Instructions for the task –
Look below for the line holding "Hello friends. In" and the line holding "If you try to". Repeat those two and everything between, exactly.

Exercise data –
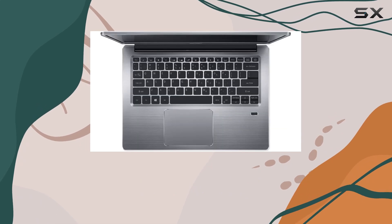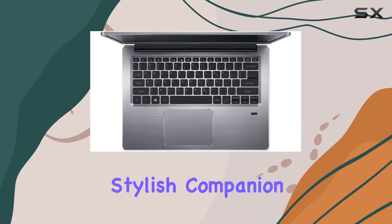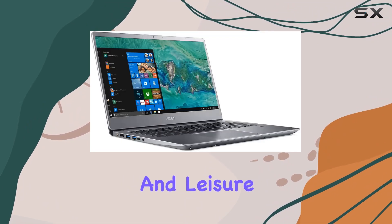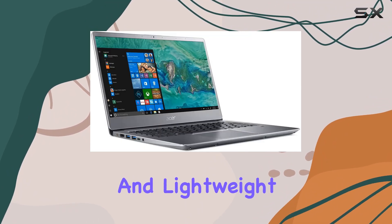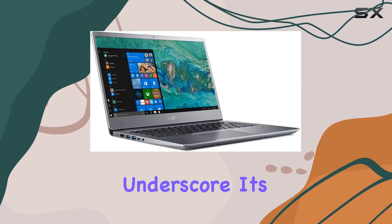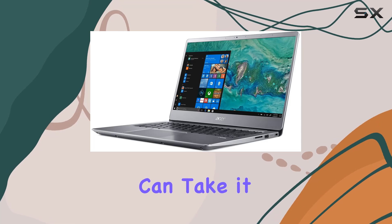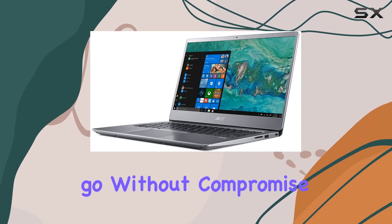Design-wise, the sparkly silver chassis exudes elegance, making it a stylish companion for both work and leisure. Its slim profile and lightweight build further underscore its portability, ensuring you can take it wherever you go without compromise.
---
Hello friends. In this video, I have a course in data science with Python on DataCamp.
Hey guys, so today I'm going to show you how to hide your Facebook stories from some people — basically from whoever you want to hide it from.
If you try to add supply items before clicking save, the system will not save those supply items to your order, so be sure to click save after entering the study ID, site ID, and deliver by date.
...
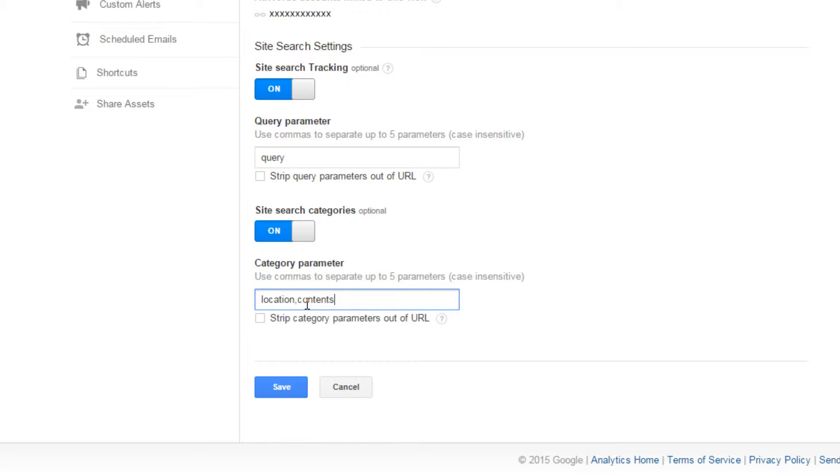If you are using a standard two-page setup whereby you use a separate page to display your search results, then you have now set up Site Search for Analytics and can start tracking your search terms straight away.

Answer area –
Hello friends. In this video, I have a course in data science with Python on DataCamp.
Hey guys, so today I'm going to show you how to hide your Facebook stories from some people — basically from whoever you want to hide it from.
If you try to add supply items before clicking save, the system will not save those supply items to your order, so be sure to click save after entering the study ID, site ID, and deliver by date.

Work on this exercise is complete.